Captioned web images
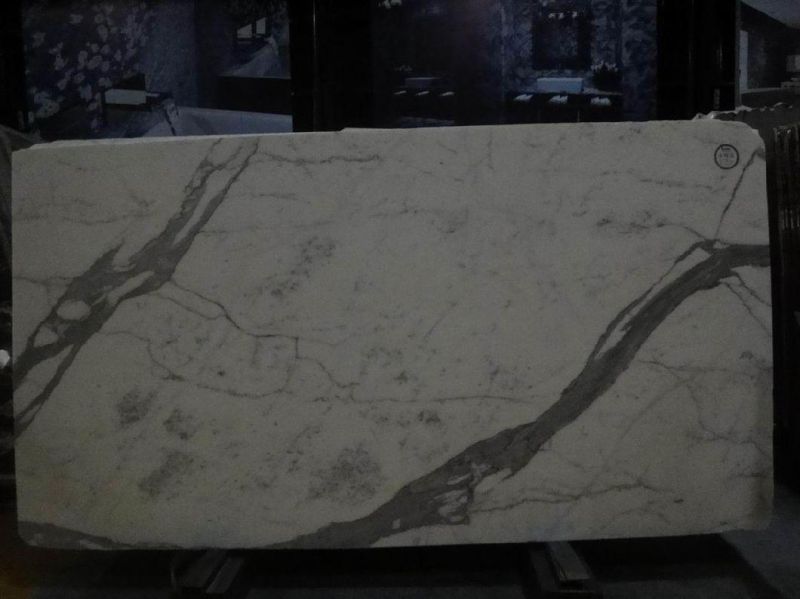 High Quality Calaeatta White Marble, Marble Tiles and Marble Slabs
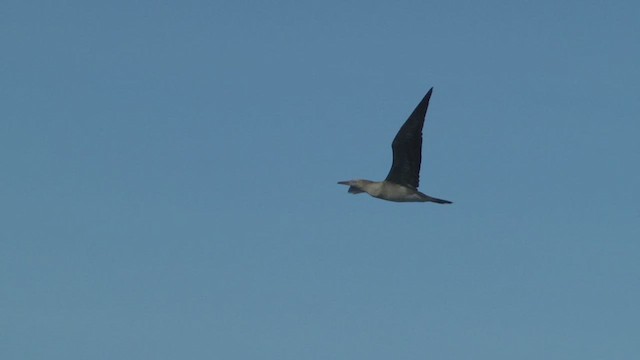 Red-footed Booby (Indopacific) - ML609313784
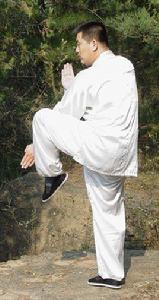 青龍出海拳 青龍出海拳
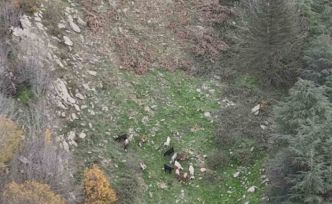 Osmaniye’de kaybolan 15 koyun dron ile bulundu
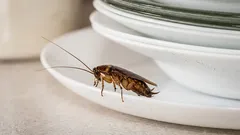 Questo è ciò che fa il 99% delle persone: ecco perché gli scarafaggi compaiono anche in una casa pulita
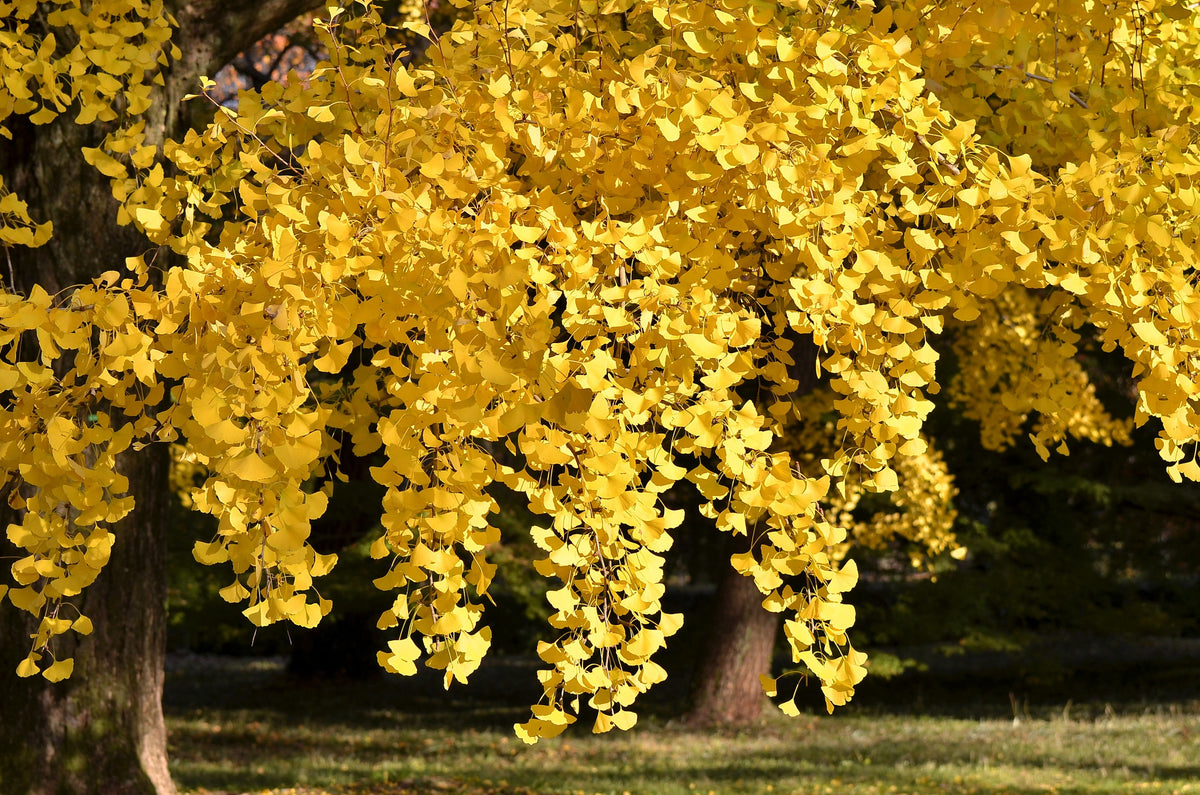 Ginkgo (Ginkgo biloba) Seeds – 10 ct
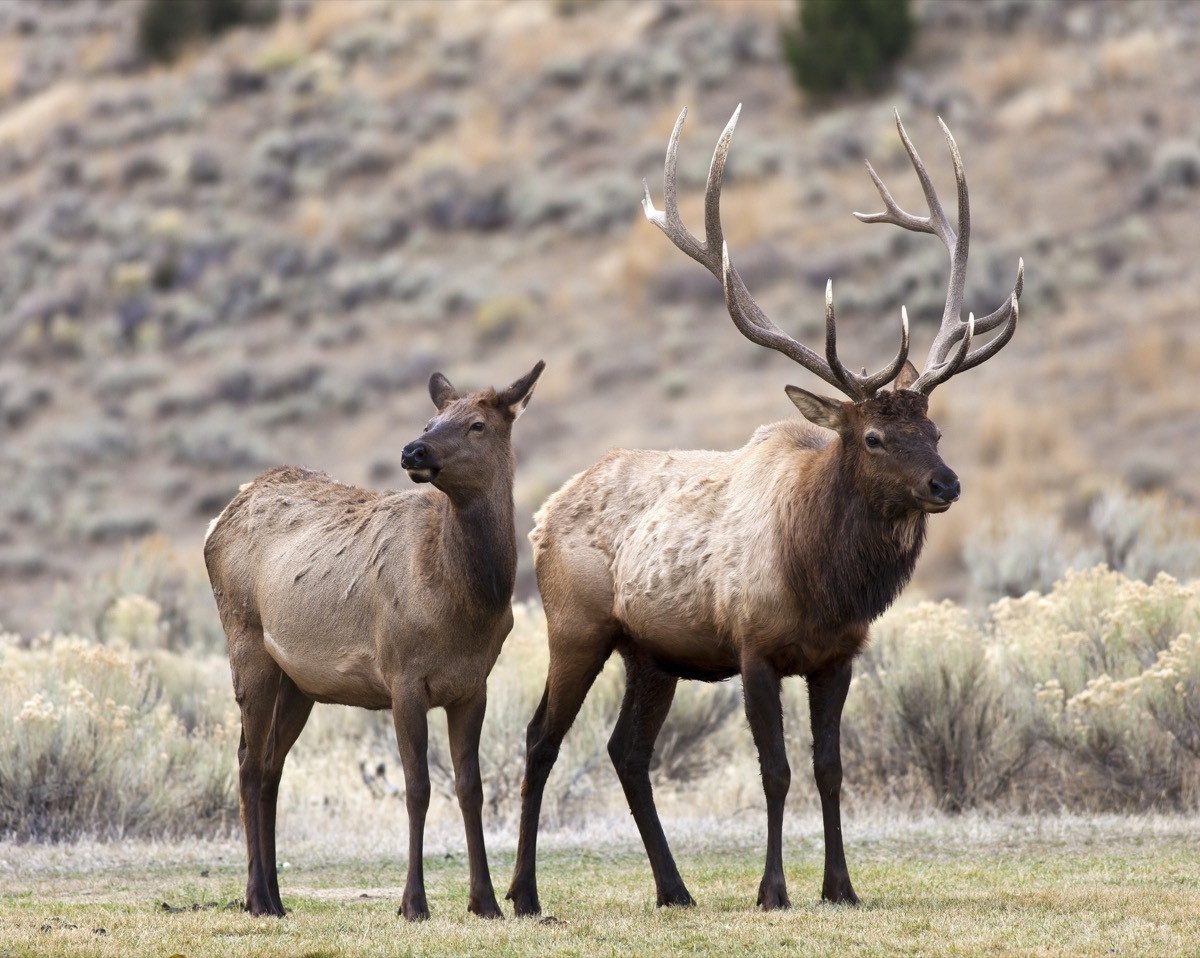 elk yellowstone national park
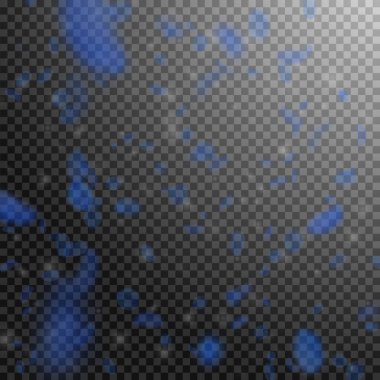 Koyu mavi çiçek yaprakları dökülüyor. Yağmur yağan muhteşem romantik çiçekler. Şeffaf kare arka planda uçan taç yaprakları. Aşk, romantizm kavramı. Güzel düğün davetiyesi.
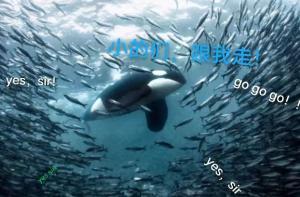 他从海下来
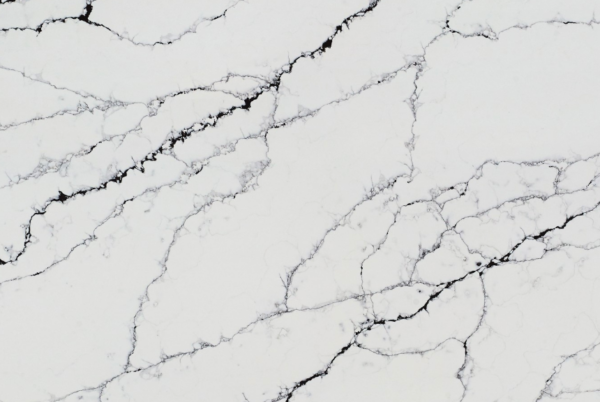 Calacatta Noir Quartz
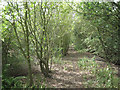 Dismantled railway south of Birch Coppice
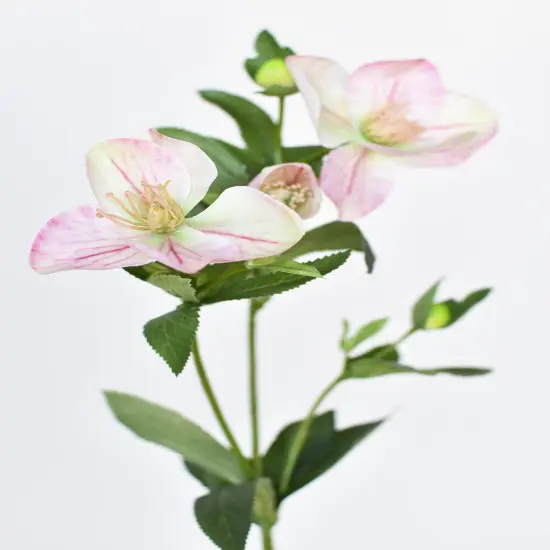 25" Faux Helleborus Stem Pink / Green {2}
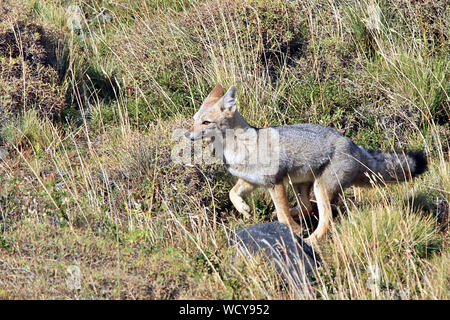 Eine Südamerikanische Gray Fox (Lycalopex griseus), oder Chilla, springen über die Wiese der Torres del Paine Nationalpark im chilenischen Patagonien Stockfoto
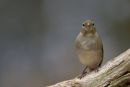 Female_Hen_Chaffinch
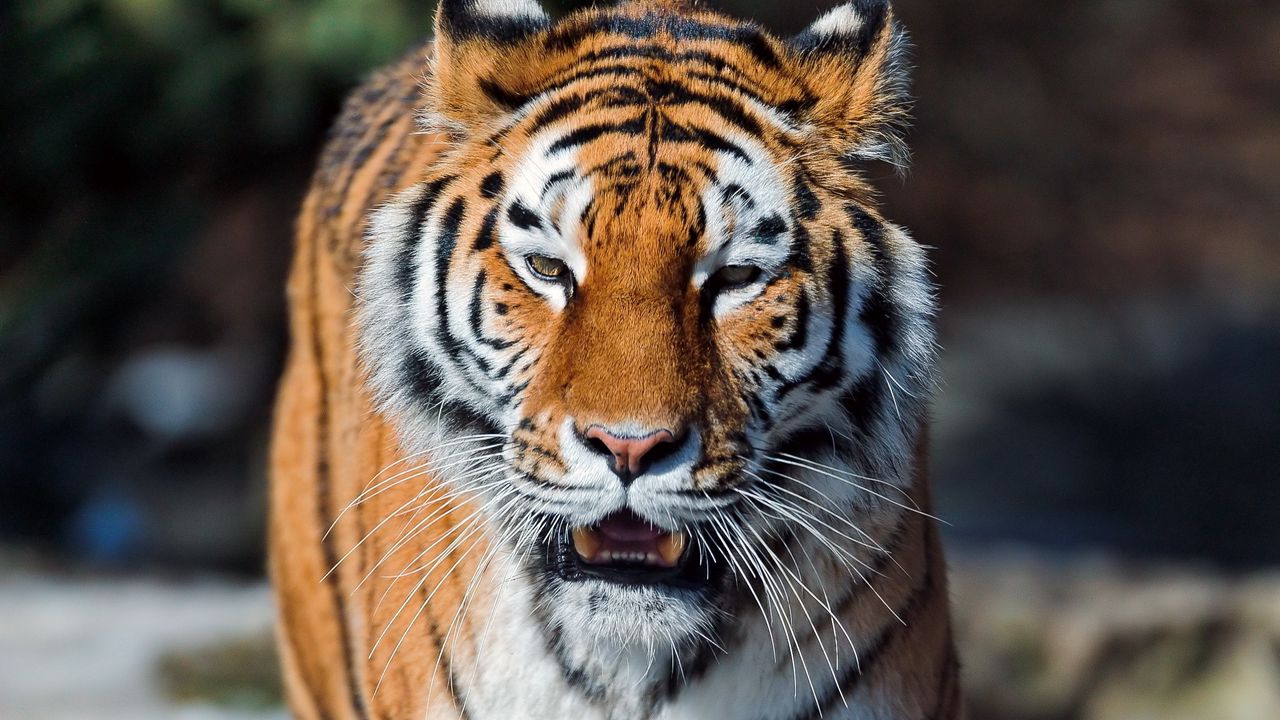 Обои тигр, открытый рот, морда, хищник, большая кошка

Your objective: Each entry should be transcribed exactly as given, with pictures omitted.

Solution for this exercise:
 High Quality Calaeatta White Marble, Marble Tiles and Marble Slabs
 Red-footed Booby (Indopacific) - ML609313784
 青龍出海拳 青龍出海拳
 Osmaniye’de kaybolan 15 koyun dron ile bulundu
 Questo è ciò che fa il 99% delle persone: ecco perché gli scarafaggi compaiono anche in una casa pulita
 Ginkgo (Ginkgo biloba) Seeds – 10 ct
 elk yellowstone national park
 Koyu mavi çiçek yaprakları dökülüyor. Yağmur yağan muhteşem romantik çiçekler. Şeffaf kare arka planda uçan taç yaprakları. Aşk, romantizm kavramı. Güzel düğün davetiyesi.
 他从海下来
 Calacatta Noir Quartz
 Dismantled railway south of Birch Coppice
 25" Faux Helleborus Stem Pink / Green {2}
 Eine Südamerikanische Gray Fox (Lycalopex griseus), oder Chilla, springen über die Wiese der Torres del Paine Nationalpark im chilenischen Patagonien Stockfoto
 Female_Hen_Chaffinch
 Обои тигр, открытый рот, морда, хищник, большая кошка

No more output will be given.